Banyak terjadi kejadian yang tidak berkenan di hati kita baik itu
secara individual maupun kelompok. Hal ini didukung dengan semakin pesatnya
perkembangan globalisasi dan penyampaian berita, hanya dengan layar smartphone
kita dapat dengan cepat mengetahuinya. Namun, ada beberapa berita yang tersampaikan
mempunyai makna dan tujuan yang berbeda khusunya melalui media sosial, ada saja oknum yang
tidak bertanggungjawab menyampaikan beritanya dengan klise, contohnya potongan
video atau foto dengan disertai dengan narasi yang memprovokasi suatu kelompok
atau individu.
Seseorang yang sudah tersulut emosi akan lebih mudah percaya dan
membenarkan berita yang dibacanya, hal ini dapat terjadi karena
ketidakmampuannya dalam mengontrol emosi atau saja berita yang dibacanya
berkaitan dengan dirinya atau kelompoknya.
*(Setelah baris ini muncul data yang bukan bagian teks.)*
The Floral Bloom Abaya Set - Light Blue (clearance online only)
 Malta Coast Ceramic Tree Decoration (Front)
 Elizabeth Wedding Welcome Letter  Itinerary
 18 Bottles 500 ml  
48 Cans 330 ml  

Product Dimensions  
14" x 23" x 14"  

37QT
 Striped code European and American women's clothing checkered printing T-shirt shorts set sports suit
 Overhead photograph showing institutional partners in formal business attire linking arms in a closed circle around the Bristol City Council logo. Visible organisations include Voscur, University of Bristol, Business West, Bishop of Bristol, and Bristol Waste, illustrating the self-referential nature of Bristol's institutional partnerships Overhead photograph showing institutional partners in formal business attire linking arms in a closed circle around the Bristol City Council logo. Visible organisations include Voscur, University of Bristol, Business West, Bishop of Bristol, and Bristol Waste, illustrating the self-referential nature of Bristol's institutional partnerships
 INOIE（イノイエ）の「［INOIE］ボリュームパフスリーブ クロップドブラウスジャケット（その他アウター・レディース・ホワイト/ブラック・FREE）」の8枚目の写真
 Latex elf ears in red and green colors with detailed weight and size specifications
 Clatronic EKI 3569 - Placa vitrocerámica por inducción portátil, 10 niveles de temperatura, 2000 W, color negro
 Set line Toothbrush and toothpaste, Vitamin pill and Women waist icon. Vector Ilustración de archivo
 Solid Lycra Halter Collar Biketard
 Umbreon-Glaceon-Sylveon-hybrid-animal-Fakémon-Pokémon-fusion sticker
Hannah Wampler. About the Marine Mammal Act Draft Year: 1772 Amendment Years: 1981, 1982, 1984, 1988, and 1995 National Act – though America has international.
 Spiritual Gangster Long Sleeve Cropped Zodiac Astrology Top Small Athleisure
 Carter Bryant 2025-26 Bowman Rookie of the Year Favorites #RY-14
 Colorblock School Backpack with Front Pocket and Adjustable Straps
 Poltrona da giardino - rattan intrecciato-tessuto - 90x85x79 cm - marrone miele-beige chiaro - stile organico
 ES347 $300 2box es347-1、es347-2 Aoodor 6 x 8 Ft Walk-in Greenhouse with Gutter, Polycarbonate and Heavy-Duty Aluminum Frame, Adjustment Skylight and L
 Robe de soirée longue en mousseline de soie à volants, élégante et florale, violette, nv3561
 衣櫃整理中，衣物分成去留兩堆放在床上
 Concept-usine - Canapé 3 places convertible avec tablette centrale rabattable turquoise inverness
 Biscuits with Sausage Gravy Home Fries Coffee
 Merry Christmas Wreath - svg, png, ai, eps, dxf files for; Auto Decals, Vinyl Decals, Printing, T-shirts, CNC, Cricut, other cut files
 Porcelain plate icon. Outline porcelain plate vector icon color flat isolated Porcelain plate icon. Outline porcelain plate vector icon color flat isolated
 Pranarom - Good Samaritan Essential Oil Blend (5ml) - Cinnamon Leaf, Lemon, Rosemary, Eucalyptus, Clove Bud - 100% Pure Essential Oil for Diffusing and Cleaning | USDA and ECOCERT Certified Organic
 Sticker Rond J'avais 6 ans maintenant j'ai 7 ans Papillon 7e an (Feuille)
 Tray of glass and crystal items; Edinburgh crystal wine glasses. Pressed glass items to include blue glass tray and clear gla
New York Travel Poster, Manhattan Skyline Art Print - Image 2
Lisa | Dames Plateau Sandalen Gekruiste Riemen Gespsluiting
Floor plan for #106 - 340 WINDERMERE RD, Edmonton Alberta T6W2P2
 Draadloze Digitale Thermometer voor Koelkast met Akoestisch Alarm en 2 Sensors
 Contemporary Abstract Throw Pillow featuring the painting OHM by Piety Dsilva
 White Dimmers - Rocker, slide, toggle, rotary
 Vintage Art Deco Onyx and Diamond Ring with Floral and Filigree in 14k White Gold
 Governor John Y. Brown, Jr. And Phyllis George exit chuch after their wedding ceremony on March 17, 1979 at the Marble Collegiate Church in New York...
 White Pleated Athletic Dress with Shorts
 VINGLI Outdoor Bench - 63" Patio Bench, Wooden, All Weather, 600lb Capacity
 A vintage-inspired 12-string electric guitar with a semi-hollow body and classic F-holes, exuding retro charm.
Pada era posttruth ini kita melihat bahwasannya seseorang
cenderung mempercayai penyampaian berita oleh satu akun media sosial di mana sumber
beritanya saja masih belum tau darimana dan masih bersifat simpang siur. Satu
hal yang perlu kita ketahui sebelum membenarkan suatu berita yaitu dengan
melakukan cross-check terlebih dahulu darimana asal berita tersebut dan
bagaimana dengan di media lainnya, tentu ini akan menghindarkan kita dari yang
namanya penyebaran hoax atau disinformasi. Hoax dan disinformasi merupakan
penyebab terjadinya miskomunikasi, dimulai dari media sosial berujung
pertikaian antar kelompok atau individu.
Kasus seperti ini rentan terjadi pada wilayah dengan masyarakat
yang memiliki berbagai perbedaan budaya, suku dan agama di dalamnya, apalagi
kurangnya edukasi mengenai saling menghargai perbedaan. Manusia pada dasarnya
diciptakan sama, hanya saja yang membedakannya yaitu perlakuannya terhadap
manusia yang lainnya. Mari bersama kita menjaga kerukunan di dalam perbedaan,
jangan mudah terprovokasi dan saling mengingatkan dalam kebajikan.